Work instruction:
Starting with the line that has "Floresville, TX 78114" in the records below and stopping after the line that has "2 bedroom detached", output every line exactly and nothing else; skip pictures.

Study material:
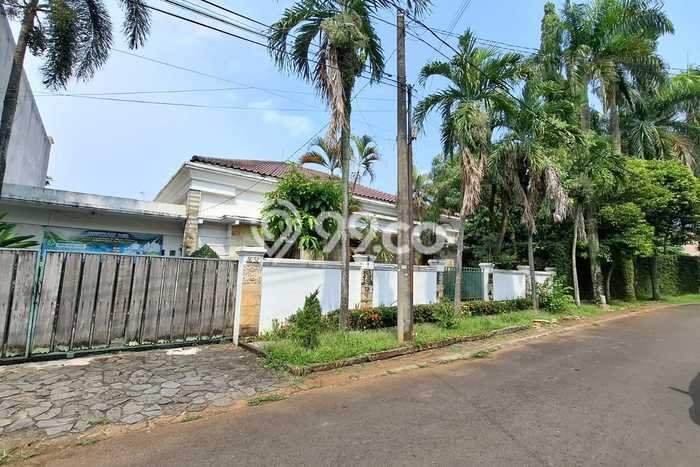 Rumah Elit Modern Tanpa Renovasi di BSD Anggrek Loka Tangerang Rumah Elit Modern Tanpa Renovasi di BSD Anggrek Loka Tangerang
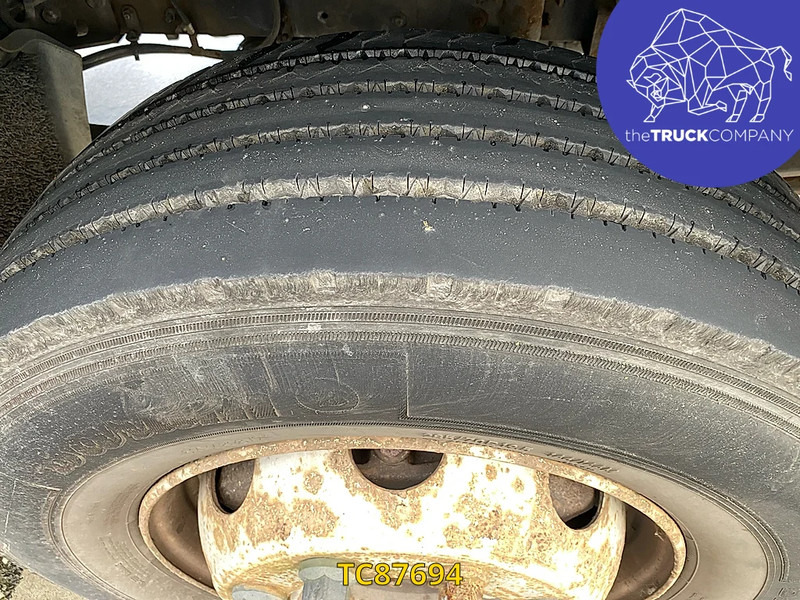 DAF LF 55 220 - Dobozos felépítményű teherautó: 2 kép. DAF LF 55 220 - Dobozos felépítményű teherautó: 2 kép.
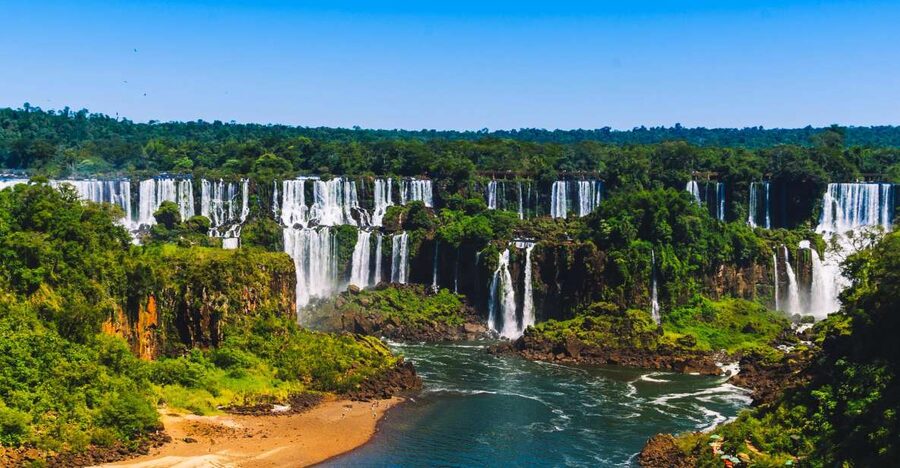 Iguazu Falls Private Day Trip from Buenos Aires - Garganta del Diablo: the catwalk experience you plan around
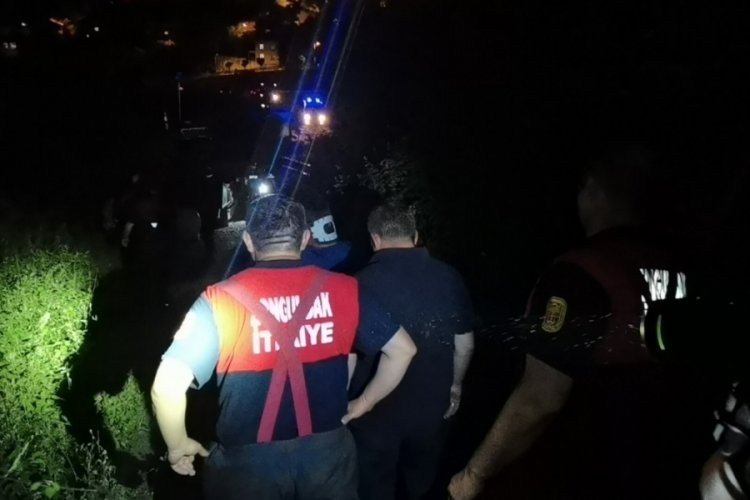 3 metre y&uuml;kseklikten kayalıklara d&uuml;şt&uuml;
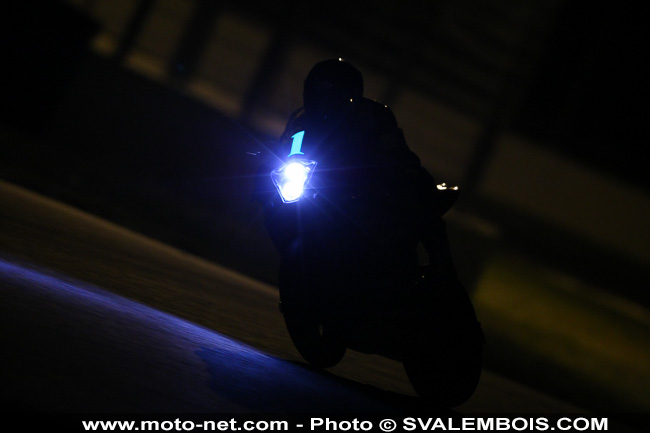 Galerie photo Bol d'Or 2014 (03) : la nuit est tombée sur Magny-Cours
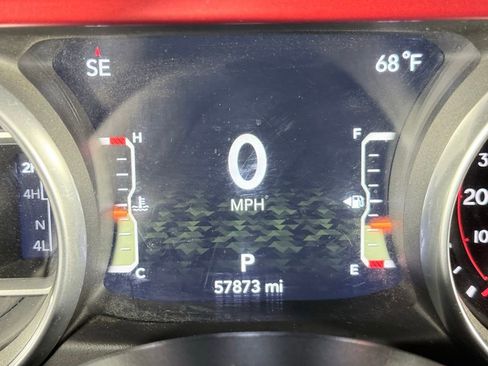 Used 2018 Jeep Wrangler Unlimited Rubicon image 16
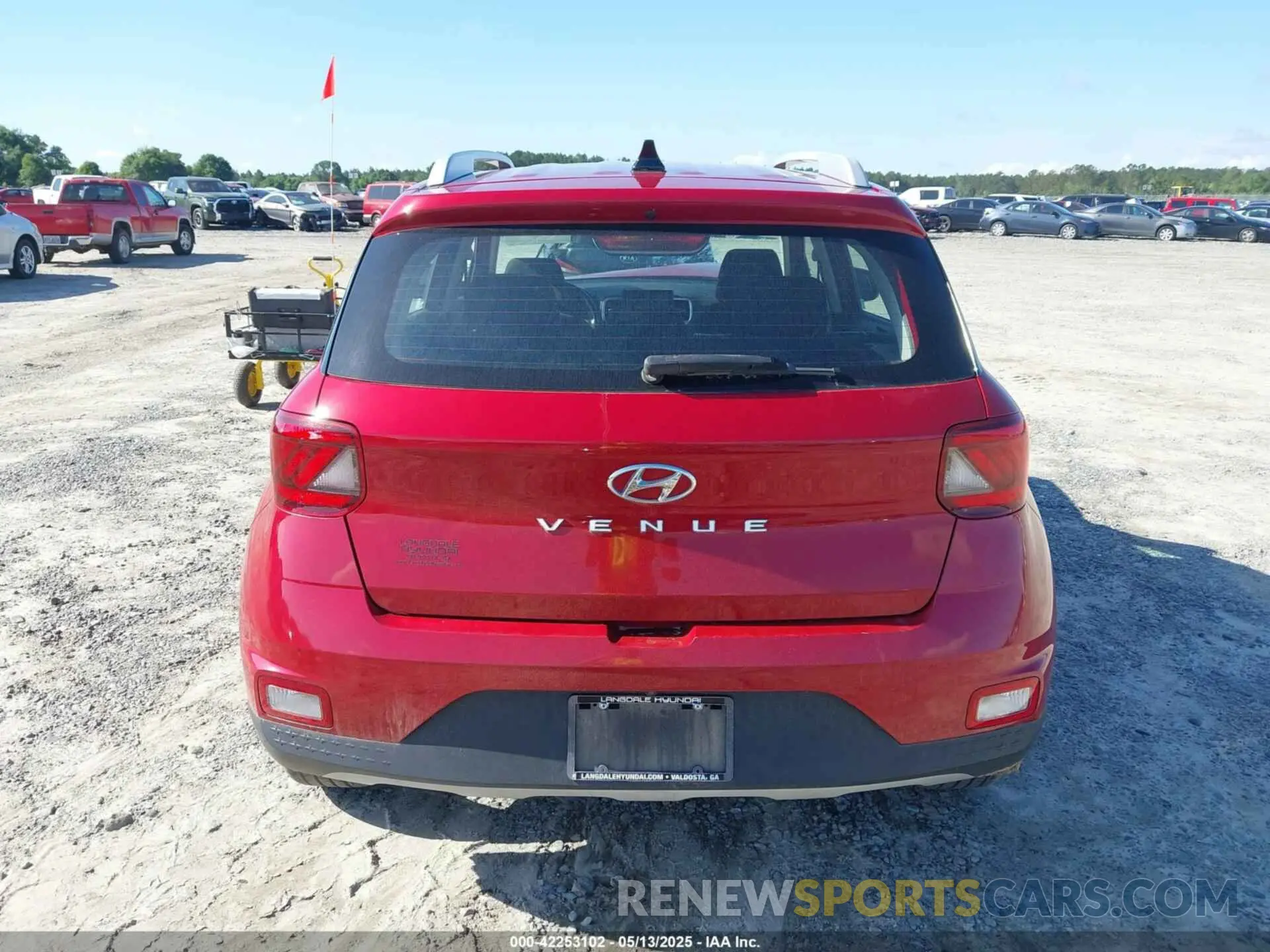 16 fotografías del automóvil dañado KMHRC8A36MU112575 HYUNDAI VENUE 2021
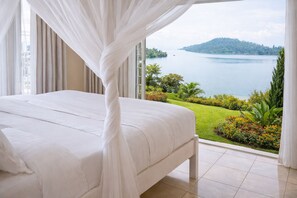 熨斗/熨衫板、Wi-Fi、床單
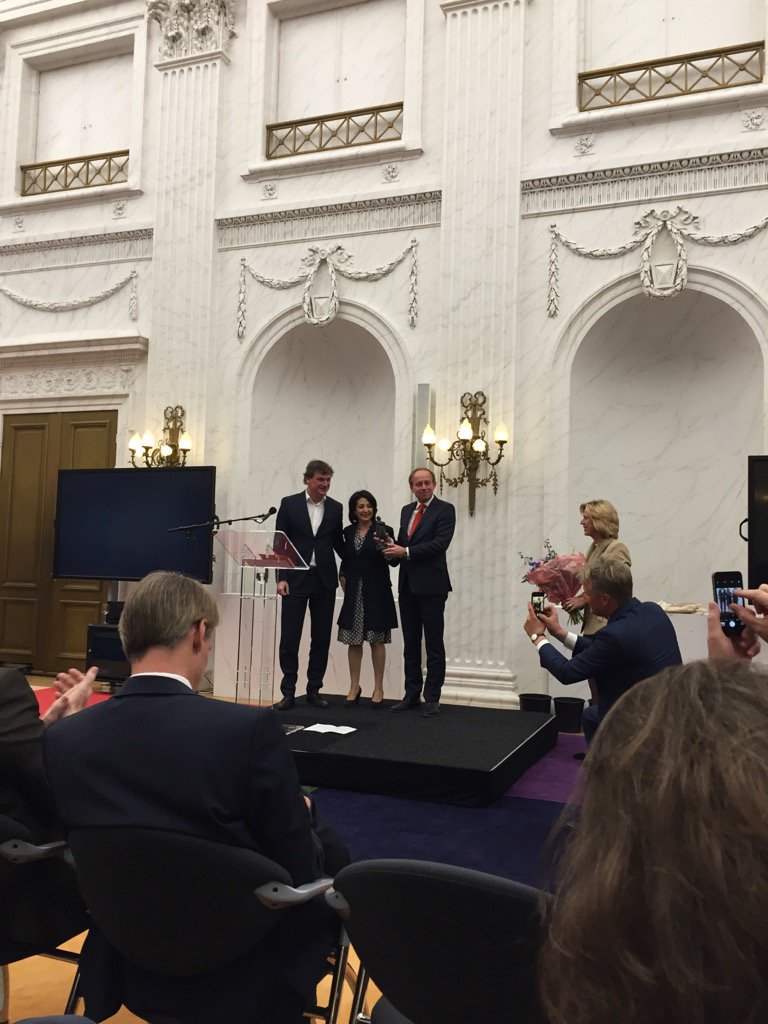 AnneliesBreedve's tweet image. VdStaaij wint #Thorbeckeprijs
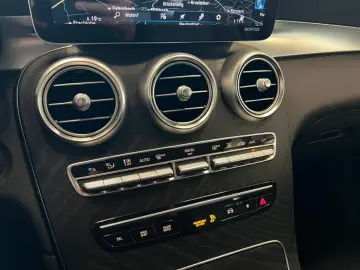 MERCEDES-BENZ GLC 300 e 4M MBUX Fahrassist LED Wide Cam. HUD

==

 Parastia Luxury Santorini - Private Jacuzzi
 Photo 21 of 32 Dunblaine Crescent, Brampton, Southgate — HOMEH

...

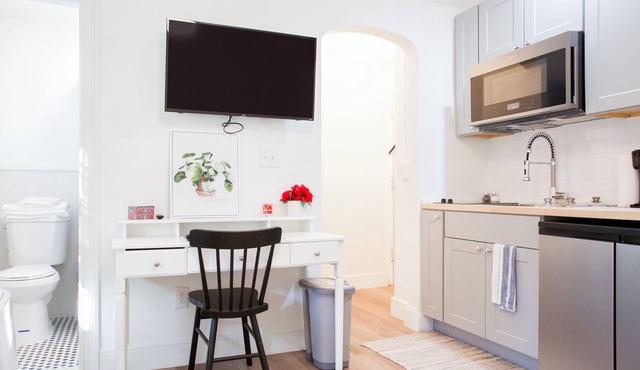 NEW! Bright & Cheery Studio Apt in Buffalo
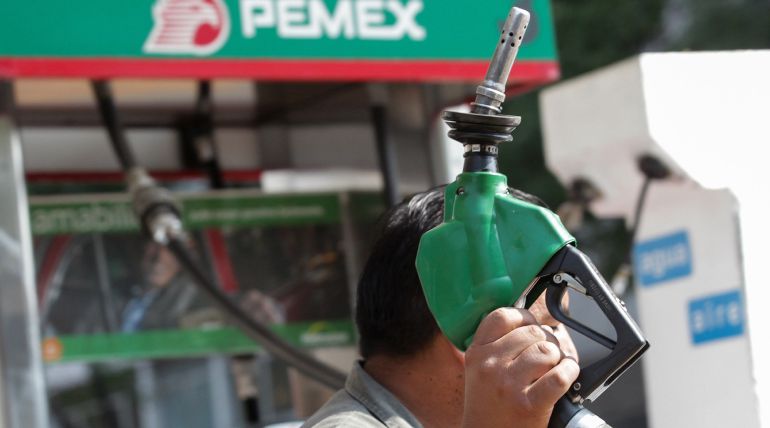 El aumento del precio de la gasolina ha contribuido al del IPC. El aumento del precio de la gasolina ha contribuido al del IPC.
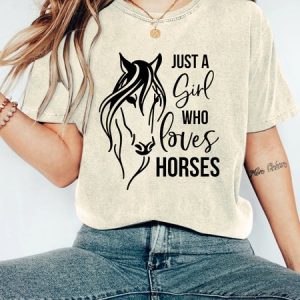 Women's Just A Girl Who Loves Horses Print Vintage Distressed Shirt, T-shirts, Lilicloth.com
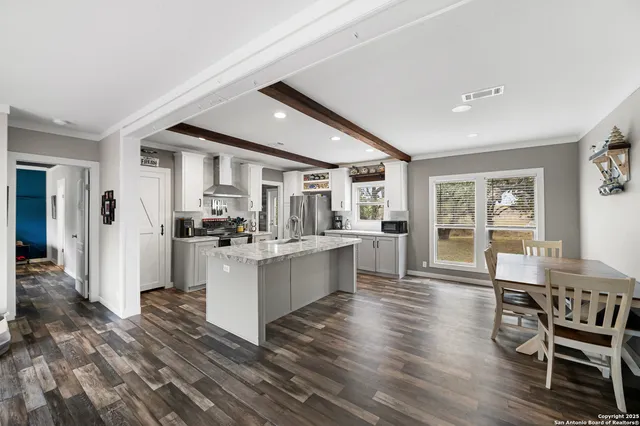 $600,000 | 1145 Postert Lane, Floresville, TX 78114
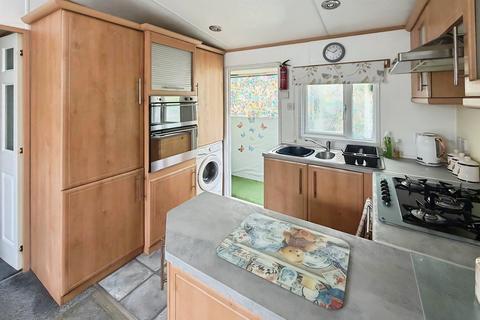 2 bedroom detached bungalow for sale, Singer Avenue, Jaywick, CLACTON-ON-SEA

Answer box:
 $600,000 | 1145 Postert Lane, Floresville, TX 78114
 2 bedroom detached bungalow for sale, Singer Avenue, Jaywick, CLACTON-ON-SEA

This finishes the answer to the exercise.